Re: [PATCH v3 2/3] reftable/stack: use geometric table compaction

[Date Prev][Date Next][Thread Prev][Thread Next][Date Index][Thread Index]

 



On Fri, Mar 29, 2024 at 04:16:48AM +0000, Justin Tobler via GitGitGadget wrote:
> From: Justin Tobler <jltobler@xxxxxxxxx>
> 
> To reduce the number of on-disk reftables, compaction is performed.
> Contiguous tables with the same binary log value of size are grouped
> into segments. The segment that has both the lowest binary log value and
> contains more than one table is set as the starting point when
> identifying the compaction segment.
> 
> Since segments containing a single table are not initially considered
> for compaction, if the table appended to the list does not match the
> previous table log value, no compaction occurs for the new table.

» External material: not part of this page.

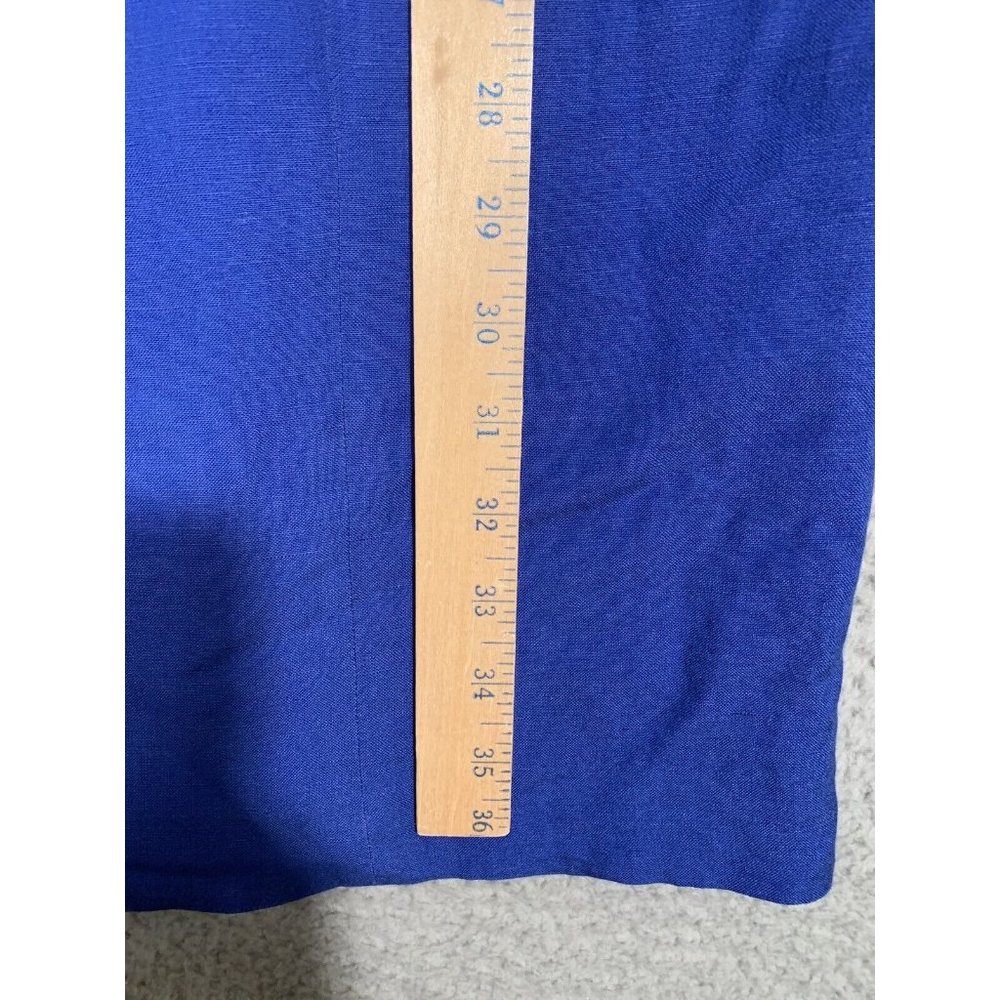 Deane & White Dress Blue Linen Blend Sleeveless Lined Size 10 Back Zipper - Picture 3 of 8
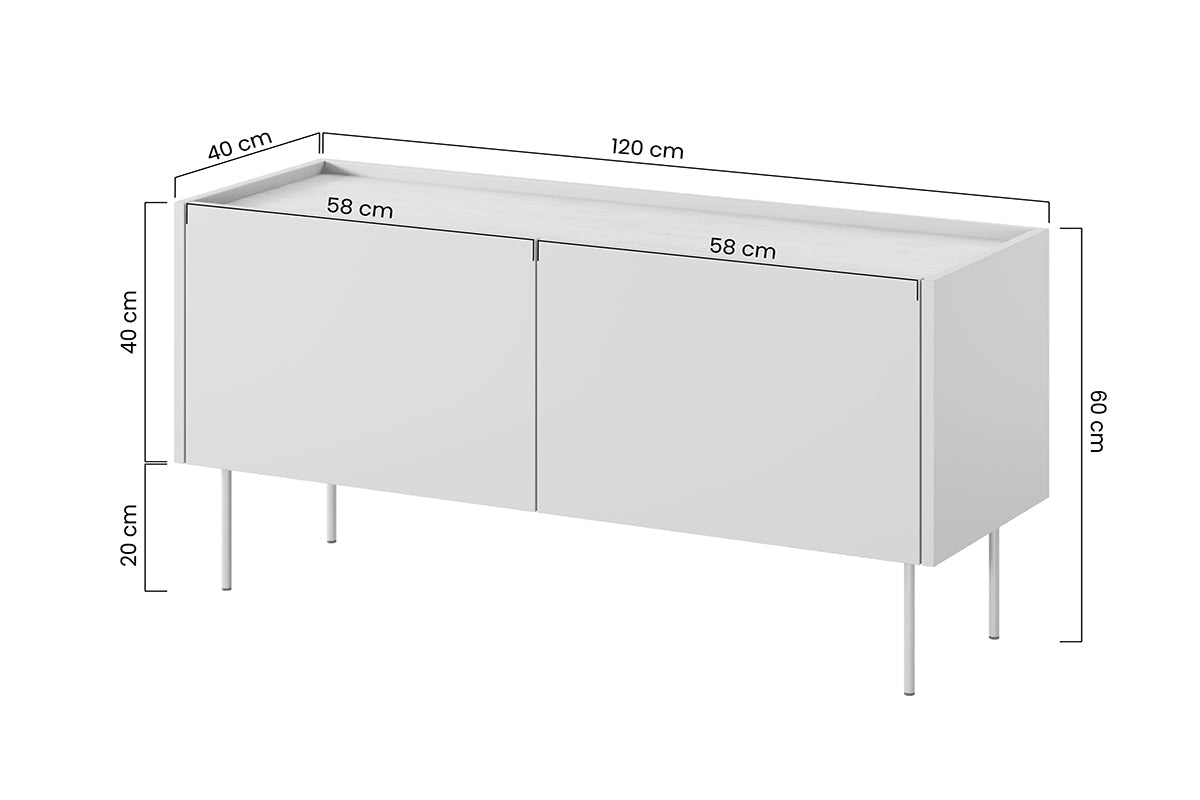 Szafka RTV Desin z ukrytą szufladą i metalowymi nogami 120 cm - oliwka / dąb nagano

It is
> therefore possible for unbounded growth of the table list. This can be
> demonstrated by repeating the following sequence:
> 
> git branch -f foo
> git branch -d foo
> 
> Each operation results in a new table being written with no compaction
> occurring until a separate operation produces a table matching the
> previous table log value.
> 
> Instead, to avoid unbounded growth of the table list, the compaction
> strategy is updated to ensure tables follow a geometric sequence after
> each operation by individually evaluating each table in reverse index
> order. This strategy results in a much simpler and more robust algorithm
> compared to the previous one while also maintaining a minimal ordered
> set of tables on-disk.
> 
> When creating 10 thousand references, the new strategy has no
> performance impact:
> 
> Benchmark 1: update-ref: create refs sequentially (revision = HEAD~)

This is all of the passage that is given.